On a clear day this is a must stop spot for capturing a photograph of the Otira Viaduct, a feat of engineering that was an ambitious but essential undertaking. Thanks to information panels you’ll learn that the bridge is 440 metres long and, with four spans, it’s eight metres wide and features a balanced cantilever construction. Try to imagine the foundations driving 25 metres deep into the ground – this is the sort of thing engineering geeks swoon over and if you come in spring you’ll hit the Blossom Festival. With Otira translating from the Maori as “the place of the travellers” this is a most fitting name and if you are keen on modern art, keep your eyes peeled for the Paul Byrnes’ Art Gallery, very groovy works.
This hotel is one of those incredible surprises, one minute you’re in the middle of nowhere and the next thing you know you’re at a quirky, world-class hotel that deserves all the accolades that are heaped on it. Not just a hotel, this former theatre also used to be a house of ill repute with the ghosts of prostitutes past and old prime ministers stalking the halls. Restored to her former glory, both comfortable and ornate, it’s like being transported to another era. Renowned for fine dining and fine wine and beer, enjoy a glass of pinot (or a pint) and venison pie by the fire - you’ll be as snug as a bug here on a rainy West Coast night. And if you’re not scared of the dark, pop behind the Theatre Royal Hotel and look for the glow worms that light up the outer edges of the disused mine shafts, although of course being careful not to fall in.
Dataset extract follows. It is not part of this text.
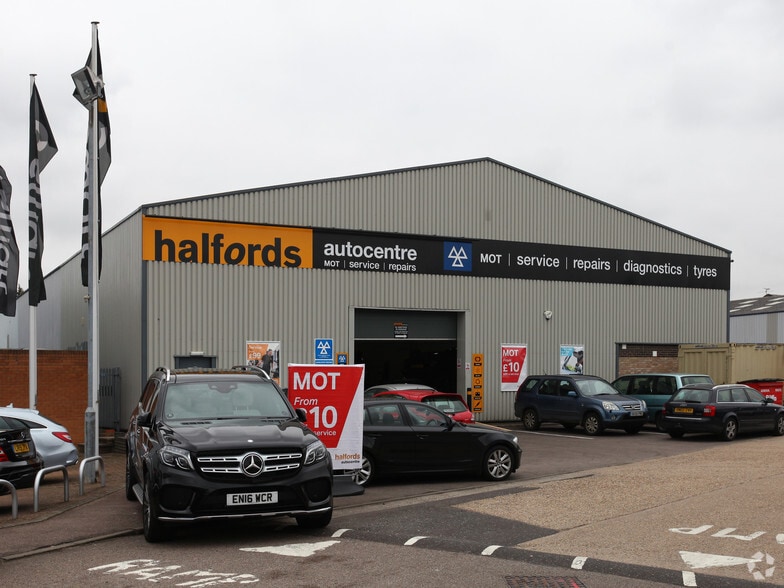 Stanstead Rd, Bishop's Stortford to rent - Building Photo - Image 3 of 8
Ok so this is a little bit off the actual Great Alpine Highway, but when you come here you want to take a good look around. And Hokitika Gorge is one of nature’s marvels. Featuring a short and easy walk that includes a swing bridge, (breath through the vertigo), your reward upon arriving will be the sight of a rock and forest fringed body of the brightest blue water you’re ever likely to see. The spectacular shade of the water is due to the fact that the pool is fed directly from Earth’s purest glaciers. With easy to follow signposts, you won’t need to put a filter on the photos you take at this beauty spot.
The West Coast Treetops Walk and Cafe is another little deviation from the highway proper - but well worth the extra few kilometres of scenic driving - because the walk is your chance to get up close and personal with New Zealand’s temperate rainforest giants. Climb 20 metres into the canopy and experience what life might be like for the birds high in the ancient rimu and kamahi trees. With over 450 metres of steel platforms, leave an hour to complete the walk, although you may wish to linger on the tower that looks out over the spectacular Southern Alps. And if all that fresh air has made you peckish, you can stop in at the café for a bite to eat.
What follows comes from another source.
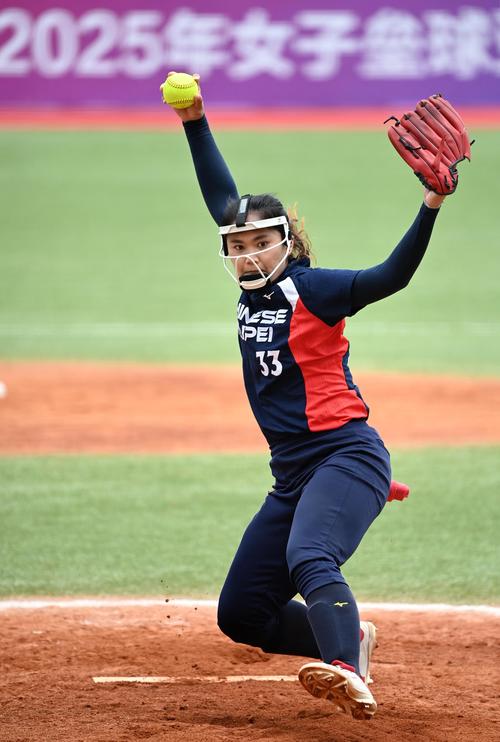 徐根宝：拿铜牌总比没牌好，冲击金牌的目标没实现责任在我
This recreation of an old gold rush village contains everything from restored steam trains to a working sawmill, gold panning opportunities, a holographic theatre, a marvellous museum, and King Dick’s Café. And because there’s so much to experience while visiting this labour of love, it’s advisable to spend a full day here. On your way through, be sure to stop in at Garth Wilson Jade, the emporium of a local carver whose work is world-class. Not only can you watch Garth work, he also teaches visitors all about this traditional Maori art form and will help you find the right design that you’ll treasure forever.